Now turn to the present times. In the year 2008, fires in Punjab have not yet been fully doused. Assam continues to be rocked by ULFA and Bodo extremists. Do not discount ISI-backed Muslim militant organisations in Assam? Manipur, Nagaland and Tripura have not been cured of separatist fever. The ever increasing stream of Bangla Deshis (BDs) pouring into India—an unhindered outcome of vote bank politics--, provides easy recruits for ISI-sponsored 'WOM' in India. A most conservative estimate suggests there are 20 million BDs in india---living in metros and major cities as labourers, who are the potential Irregular soldiers of ISI, for blowing up JAIPURS and HYDERABADS. The ISI is no more dependent upon Indian Muslims—bulk of whom have rejected ISI-triggered operations. BDs are surviving in INDIA due to lopsided governmental policies of all political parties. ISI feels that India had used EASTERN PAKISTAN (read Bangla Desh) to break up Pakistan and ISI too would use them to break up India. This is the new ball game.

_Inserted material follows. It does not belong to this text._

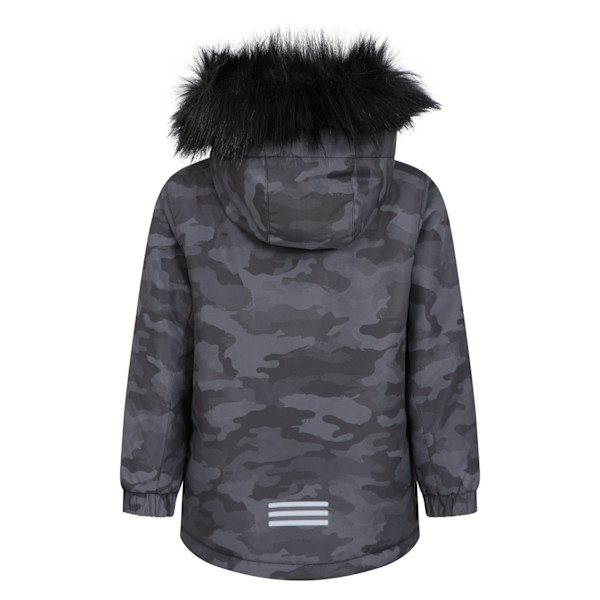 Mountain Warehouse Barnkläder/Barn Ranger Camouflage Vattenavvisande Jacka 3-4 År Grå Grey 3-4 Years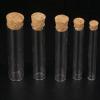XUBF-GUAN, 5-Piece Lab Glass Test Tubes, Flat-Bottom, Wood Stoppers, Thermally Stable (15 × 100 mm) view 1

Add to the above list, UPVA (United People’s Volunteer of Arunachal) and ULVA (United Liberation Voluneeers of Arunachal Pardesh) movements in Arunachal Pardesh; MELTA (Meghalya Liberation Tigers) and MULA (Meghalya United Liberation Association) organisations of Meghalya and HPC (Hammer people’s Convention) rising aspirations in Mizoram, you get a rather gloomy picture of entire North East.

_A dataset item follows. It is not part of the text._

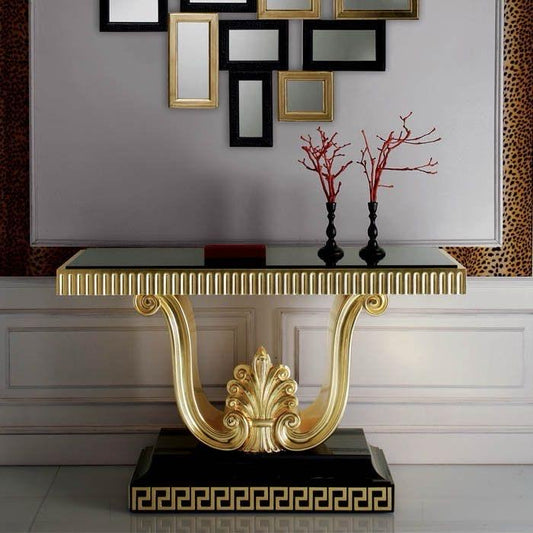 Imperial Curve Console Table | Brings High End Glamour Home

Come further west. While one finds Gorkhaland issue waiting to erupt again( you know what has happened in Nepal! Don’t you?). At the same time, West Bengal will soon have another headache from Malda and its surrounding areas where demand for a separate state is raising its head. Moving West of it, you find UP and Bihar rampant with the growth of private armies, equipped with sophisticated weapons, which are assuming cancerous proportions. Private wars of ‘Lal-Sena’, ‘Ranbir-Sena’ and even criminal gang-lords have all the ingredients of turning it into an unmanageable civil-war. As the first decade of 21st century comes to its close, UP and BIHAR are one click away from the blood-smeared faces of their own blood. The bleeding war is at their door step.

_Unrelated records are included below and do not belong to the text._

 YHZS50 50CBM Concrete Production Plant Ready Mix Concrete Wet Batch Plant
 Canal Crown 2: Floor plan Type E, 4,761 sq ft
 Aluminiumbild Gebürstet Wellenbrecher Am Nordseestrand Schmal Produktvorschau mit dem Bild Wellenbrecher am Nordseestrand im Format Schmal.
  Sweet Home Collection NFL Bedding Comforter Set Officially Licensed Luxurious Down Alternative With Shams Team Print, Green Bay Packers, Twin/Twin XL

Go North from here. J&K threatens to become a painful brain-tumour for India. No cure seems to be in sight. Its pain is even extended to Himachal Pradesh. Moving South from here, Mumbai and Maharashtra, as always, sit on a communal power keg, which can be anytime ignited by ISI operatives. Its shock waves can always travel unhindered to Gujrat, Madhya Pardesh and Rajasthan. Gujjar movement in Rajsthan had paralysed life in rajsthan in the year 2007 and again since 23 May 2008 they are on the rampage, disrupting rail sevices. 17 people have already died in the police firing on this Gujjar agitation, near Bharatpur in Rajsthan, on 23 May 2008. Who says they can not be exploited by ISI and its well entrenched 'white coats' in India?
Rise of Al-Umma type of organisations in Tamil Nadu, give it a great prospectus of turning into another Kashmir. Let us also not discount LTTE bases there which will get activated as and when required. What about Andhra Pardesh, where Naxalite movement of people’s war Group (PWG) continues to be a painful ulcer in the abdomen. And now long-drowned voices of Telenga have again begun to be heard. Karnataka and Kerala have their own problems of communal mayhem.
Thus, in the year 2008, the body-politic of ‘Mother India’ presents a gory tale of multifarious diseases afflicting its various limbs from arms to head to toe. There is a tumour in the head; murmur in the heart; ulcer in the abdomen; arthritis in the body-joints and undying pain in all other limbs. The internal wounds of India makes it a fit case for external virus to enter its body politic and enlarge its wounds to ooze its blood out. Unless India quickly heals these wounds, the blood-sucking Vampires of the world are going to feast on its blood. India is in the thick of a bleeding war, aided and abetted both from inside and outside. Merely blaming the external virus will not help in the matter. What India needs to do is to apply balm on internal wounds and at the same time immunize itself from external virus.
The irony is, in India, people still do not realise that they have been at war for the last 15 to 20 years. It is because we have not yet grasped the nuances of WOM and the Bleeding War. Indian mind-set continues to see war as monkey – dancing across the borders. We called Kargil conflict of 1999 as ‘War-Like-Situation’ and not war. Pray, what was it, if not war. Their definition of war is partaken from the model of Bangla Desh war of 1971.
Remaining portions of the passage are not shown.